(Records from a data source)

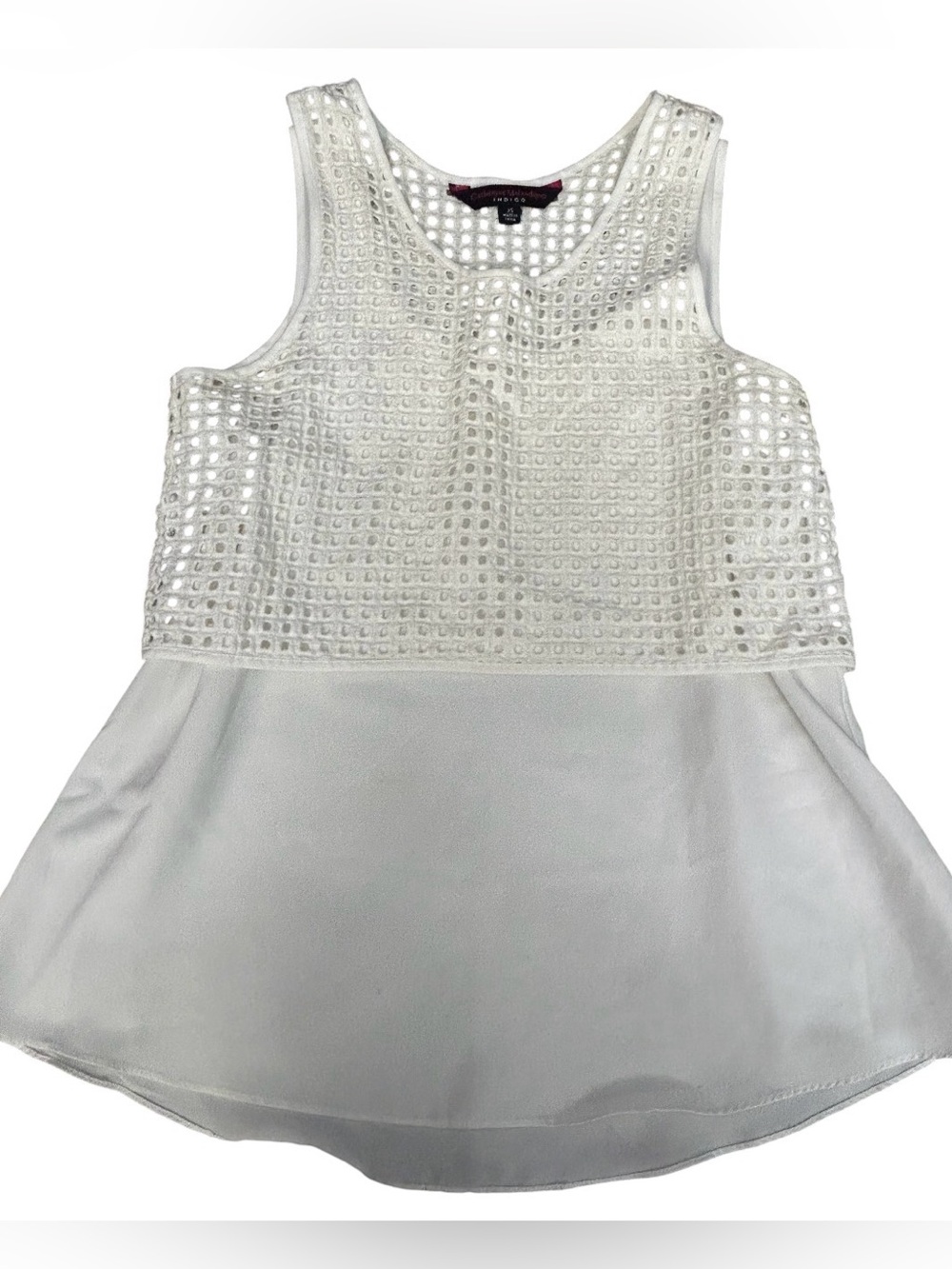 Catherine Malandrino Layered Mesh & Georgette Flowy Tank Blouse Sz XS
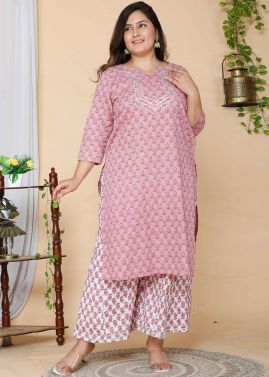 Pink Floral Printed Kurta Set In Cotton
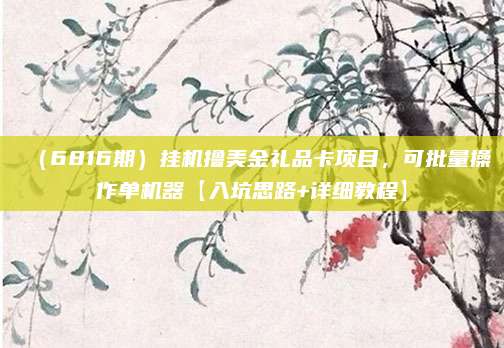 (6816期)挂机撸美金礼品卡项目,可批量操作单机器【入坑思路+详细教程】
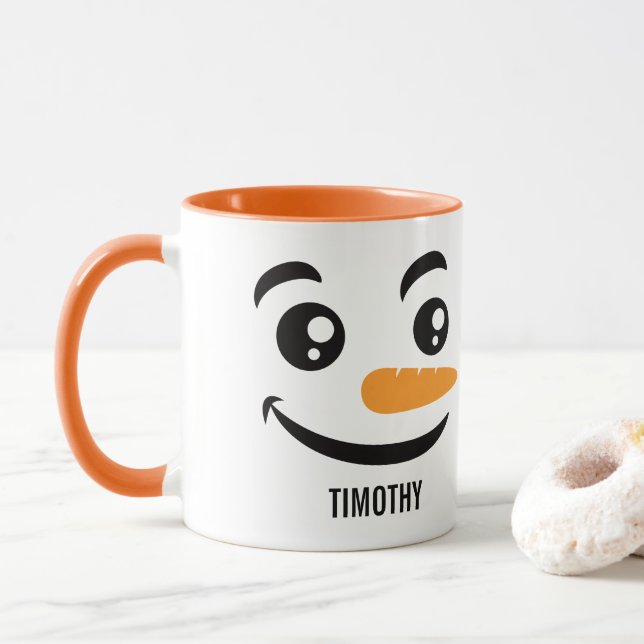 Lächelnde Schneemann Gesicht Tasse (Mit Donut)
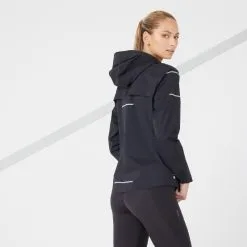 CHAQUETA DE RUNNING MUJER IMPERMEABLE CORTAVIENTO - KIPRUN RAIN+ NEGRO -Running comercio chaqueta de running mujer impermeable cortaviento kiprun rain negro 2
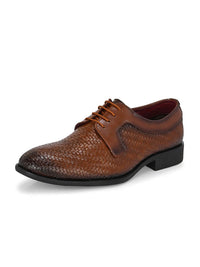House Of Pataudi Men Textured Formal Lace Up Derbys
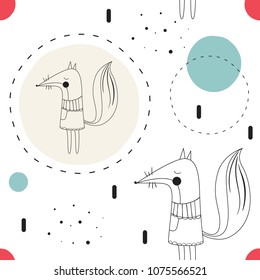 Vector seamless pattern in Scandinavian style. Sweet Fox. Children's print, cute background
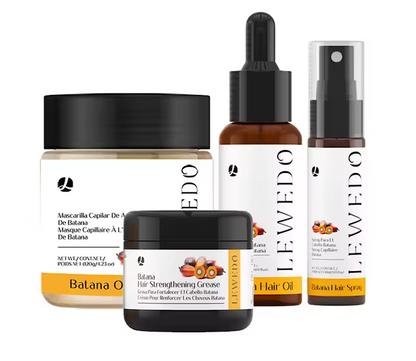 Lewedo Batana Oil Hair Butter Mask and Hair Oil + Batana Hair Spray + Grease (4pc)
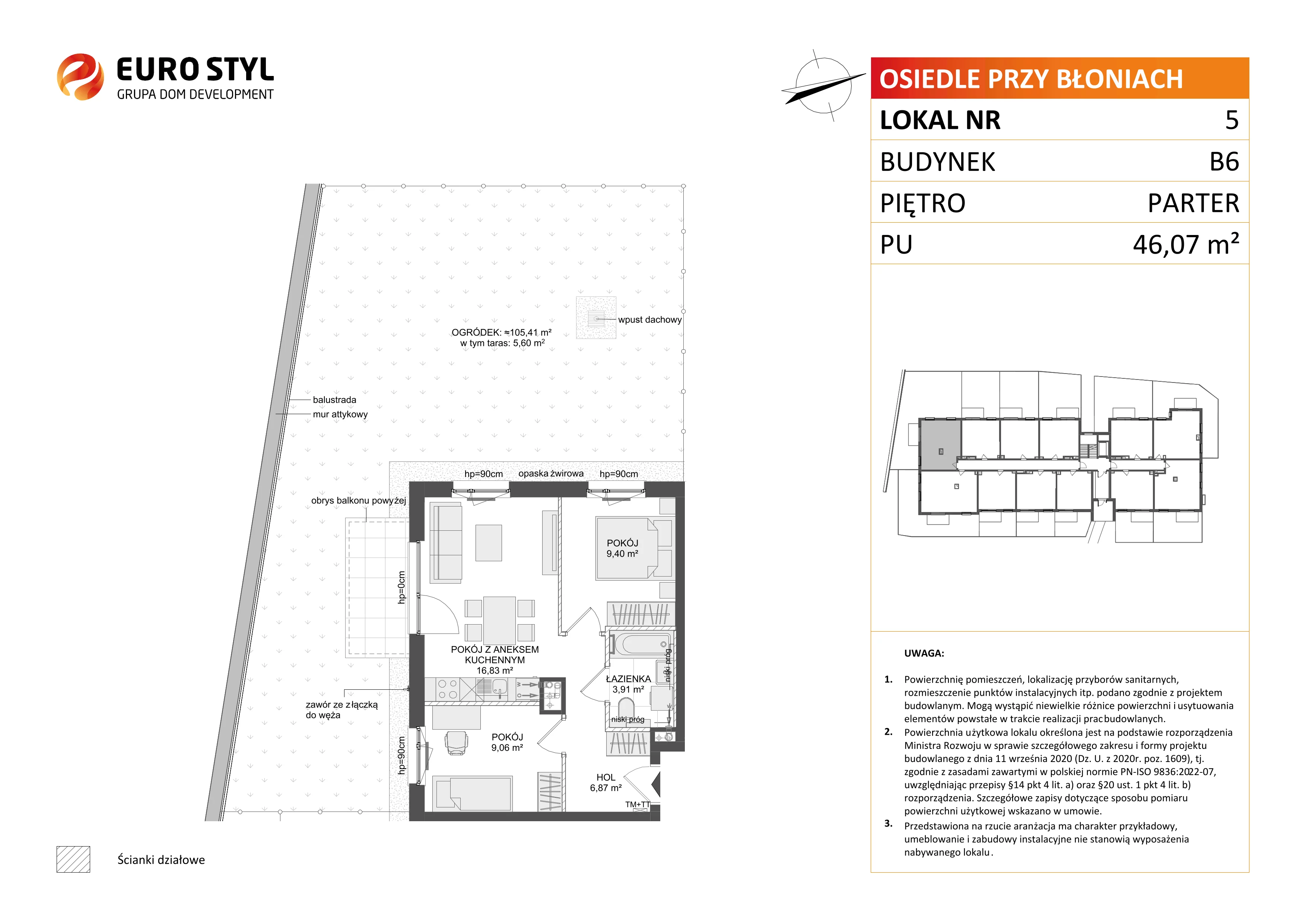 3 pokoje, mieszkanie 46,07 m², parter, oferta nr B6/5, Osiedle przy Błoniach 3 - etap IV, Rumia, Janowo, ul. Błoń Janowskich 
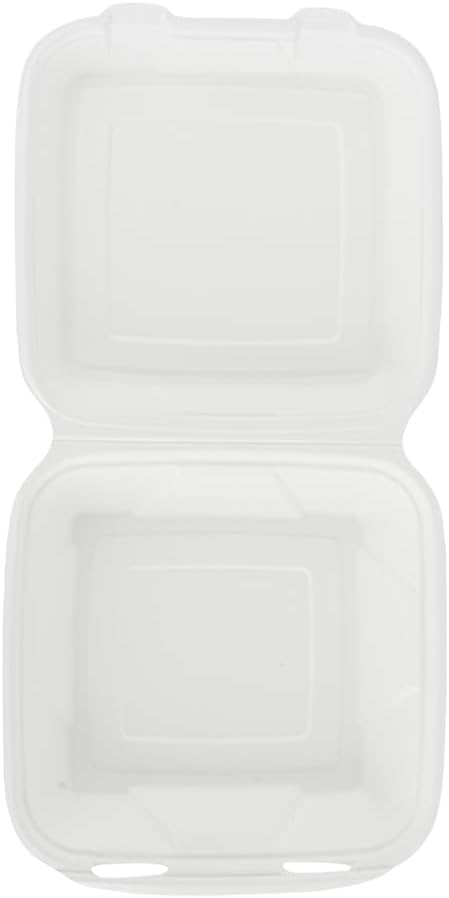 Restaurantware Pulp Safe No PFAS Added 32 Ounce Clamshell Boxes 100 Disposable Containers - Home Compostable Microwavable And Freezable White Bagasse Containers Built-In Hinged Lid And Tab Lock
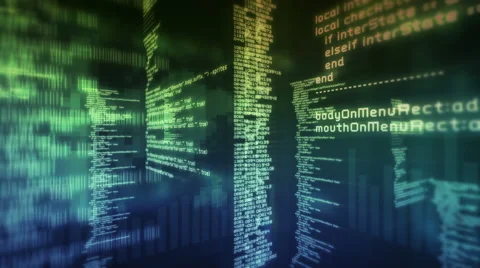 Program code moving on a computer screen. Multicolored. 2 in 1 file. Loopable. 库存影片 54840696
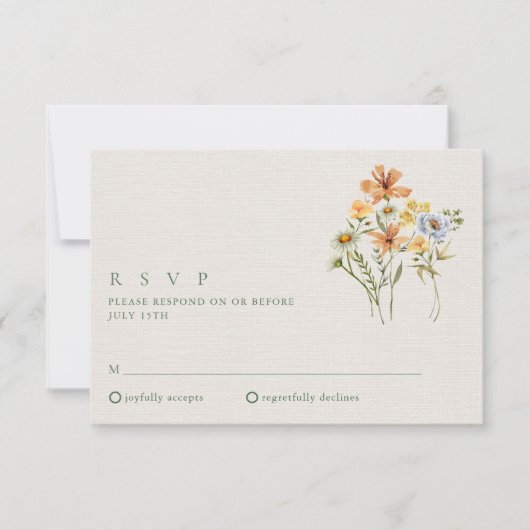 Wildblumen Hochzeit im botanischen Garten RSVP Karte (Vorderseite)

| EXERCISE OBJECTIVE |
An exact repetition of all the records above is required, excluding the pictures.

| ANSWER TO THIS TASK |
 Catherine Malandrino Layered Mesh & Georgette Flowy Tank Blouse Sz XS
 Pink Floral Printed Kurta Set In Cotton
 (6816期)挂机撸美金礼品卡项目,可批量操作单机器【入坑思路+详细教程】
 Lächelnde Schneemann Gesicht Tasse (Mit Donut)
 CHAQUETA DE RUNNING MUJER IMPERMEABLE CORTAVIENTO - KIPRUN RAIN+ NEGRO -Running comercio chaqueta de running mujer impermeable cortaviento kiprun rain negro 2
House Of Pataudi Men Textured Formal Lace Up Derbys
 Vector seamless pattern in Scandinavian style. Sweet Fox. Children's print, cute background
 Lewedo Batana Oil Hair Butter Mask and Hair Oil + Batana Hair Spray + Grease (4pc)
 3 pokoje, mieszkanie 46,07 m², parter, oferta nr B6/5, Osiedle przy Błoniach 3 - etap IV, Rumia, Janowo, ul. Błoń Janowskich 
 Restaurantware Pulp Safe No PFAS Added 32 Ounce Clamshell Boxes 100 Disposable Containers - Home Compostable Microwavable And Freezable White Bagasse Containers Built-In Hinged Lid And Tab Lock
 Program code moving on a computer screen. Multicolored. 2 in 1 file. Loopable. 库存影片 54840696
 Wildblumen Hochzeit im botanischen Garten RSVP Karte (Vorderseite)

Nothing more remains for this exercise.